Los Olvidados (1950, in Spanish with English subtitles, 85 minutes)
The sociopathic street kids portrayed in Luis Buñuel’s Los Olvidados (“the forgotten”) make the troubled teenagers from 1955’s Rebel Without A Cause seem like country-club brats by comparison. Born in Spain in 1900, Buñuel befriended both Salvador Dali and Federico Garcia Lorca in college before becoming a citizen of Mexico. Though some of Buñuel’s films are similar to the Italian school of neo-realism (cheaply shot on location with unknown actors and working-class themes), there are touches of surrealism found in his work, as well.
A pack of kids, ranging from 13 to 16, are playing bullfight games with each other in a Mexico City square when the word gets out: El Jaibo has escaped from reform school. “Working is for donkeys,” says one of the punks as he passes around a pack of cigarettes.

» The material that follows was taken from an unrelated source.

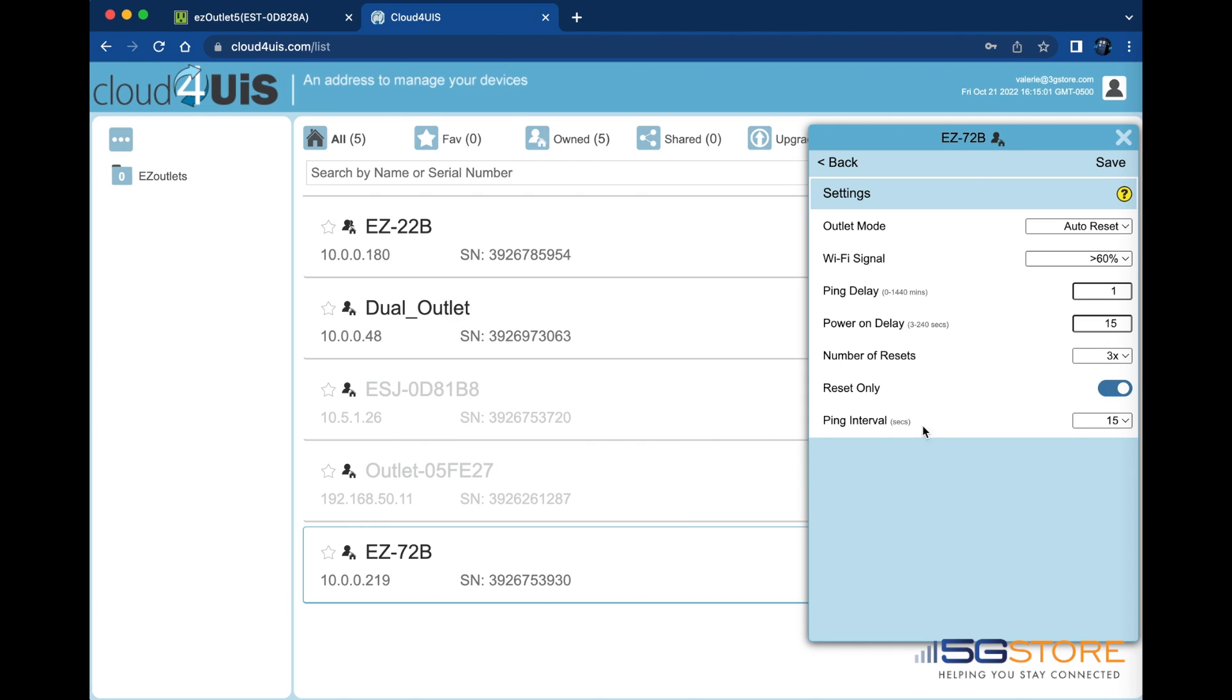Last on this page is the ping interval. This is how frequently connection checks are done at the website addresses which are monitored. Default is 15 seconds. We are going to leave this as is. Click save at the top right when done.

Six inches taller than the rest, the rail-thin Jaibo (Roberto Cobo) is dressed in overalls with no shirt when he rejoins his former buddies. “What’s it like inside? Is it cool?” asks the shorter Pedro (Alfonso Mejia). “The street is better. That’s why I escaped as soon as I could,” says Jaibo, always on the lookout for passing police cars. “Were you inside because of Julian?” asks Pedro. “That rat! He’ll get what’s coming to him,” sneers Jaibo. “I learned a lot in jail. Do as I say, and you’ll always have money.”
Jaibo takes his boys into the marketplace in search of easy cash. They find an old blind street musician with a guitar, a drum and a rack of wooden pipes around his neck, introducing a song: “This is from the time when women stayed home instead of going out and cheating on their husbands.” The boys follow the old man home and gang up on him, tripping him and slamming a large rock through his drum, then taking his cash.

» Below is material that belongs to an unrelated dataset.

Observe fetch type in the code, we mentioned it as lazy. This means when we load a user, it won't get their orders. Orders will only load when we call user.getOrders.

Later, a legless beggar on a small platform with wheels accidentally bumps into El Jaibo. Enraged, his boys lift the amputee from his cart and toss him onto the sidewalk like an upside-down turtle. Jaibo runs off with the man’s cart and pushes it as far as he can down a steep hill.
Pedro leads Jaibo to the place where Julian (Javier Amezcua) works. “I spent a year in jail because of you,” Jaibo shouts at Julian. “If I’d turned you in, I’d say so,” reasons Julian. Believing Jaibo is incapacitated because his arm’s in a sling, Julian turns away. But Jaibo has a large rock concealed inside the bandage and brings it down on the back of Julian’s head. He finishes off the unconscious boy with a stout tree limb. Always thinking, Jaibo splits Julian’s money with Pedro to make him an accomplice. “I’ll get 10 years and you’ll get five if we’re caught,” he warns.